EXERCISE GOAL: Locate the line that contains "Checkered Flag Icon." in the entries below, then repeat it and every following line through the line that contains "Red vector Chinese", exactly, and no others.

DATA RECORDS:
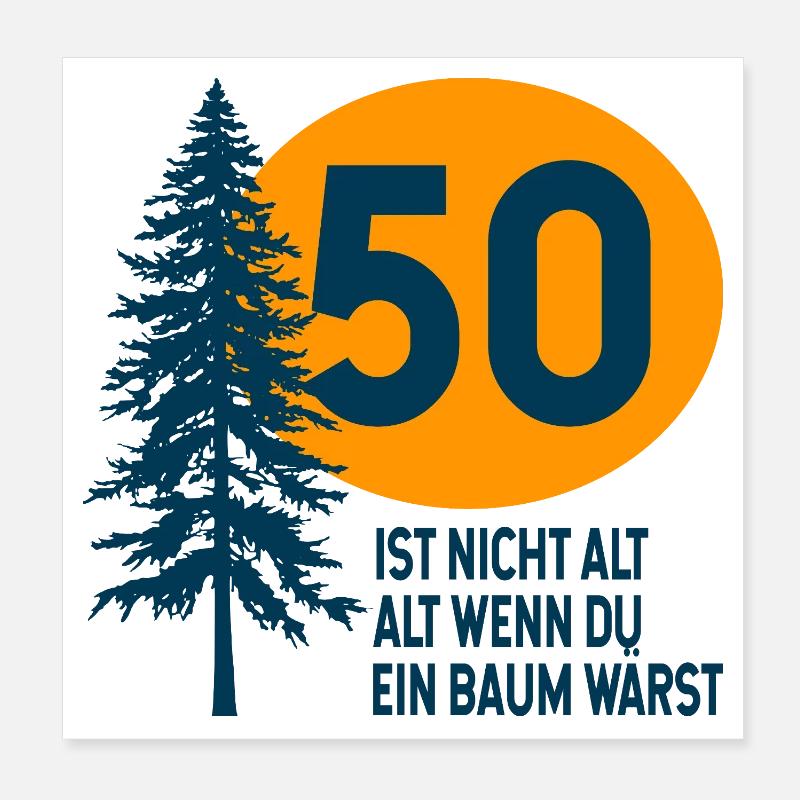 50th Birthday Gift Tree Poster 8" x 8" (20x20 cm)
* * *
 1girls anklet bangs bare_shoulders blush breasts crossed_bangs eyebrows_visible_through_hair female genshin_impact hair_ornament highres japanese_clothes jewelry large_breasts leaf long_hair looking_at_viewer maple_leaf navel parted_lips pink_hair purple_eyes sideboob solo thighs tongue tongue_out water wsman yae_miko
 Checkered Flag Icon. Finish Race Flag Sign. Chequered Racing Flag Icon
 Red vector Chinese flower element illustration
==
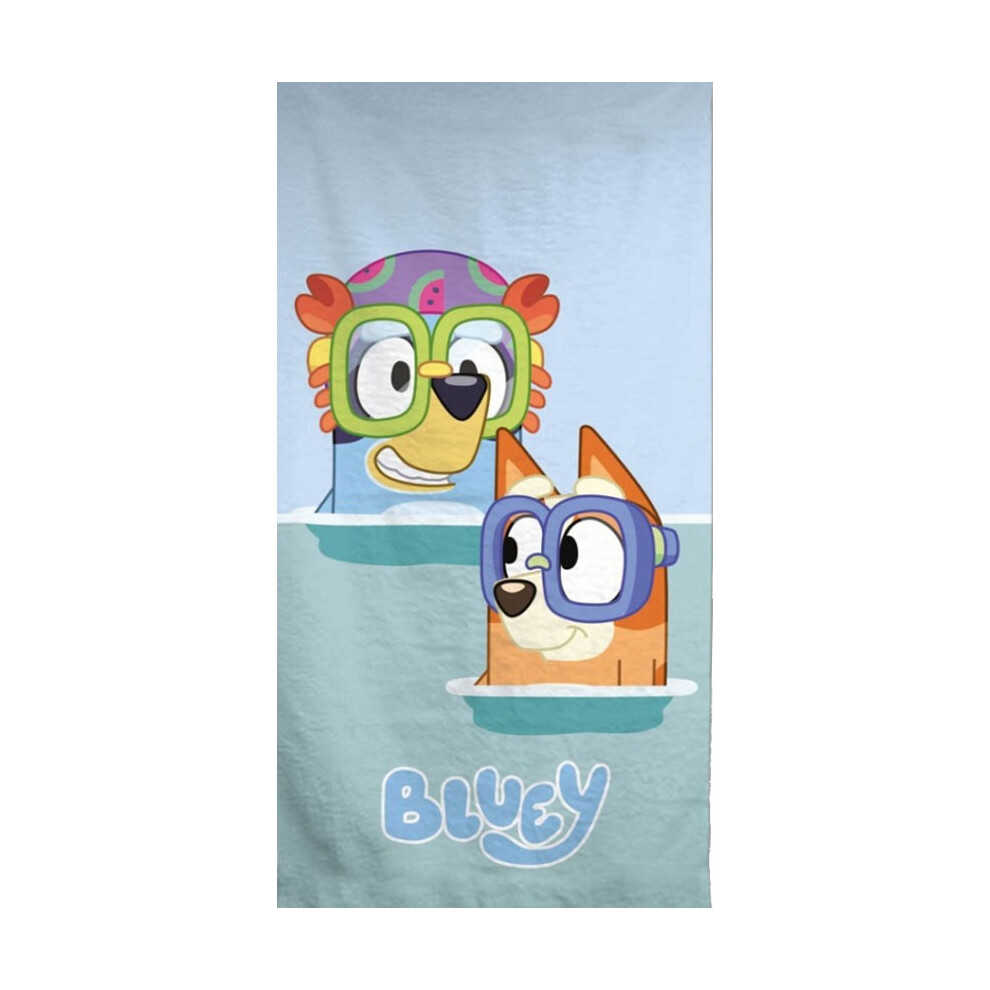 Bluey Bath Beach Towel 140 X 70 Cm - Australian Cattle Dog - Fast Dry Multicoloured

OUTPUT FOR THIS EXERCISE:
 Checkered Flag Icon. Finish Race Flag Sign. Chequered Racing Flag Icon
 Red vector Chinese flower element illustration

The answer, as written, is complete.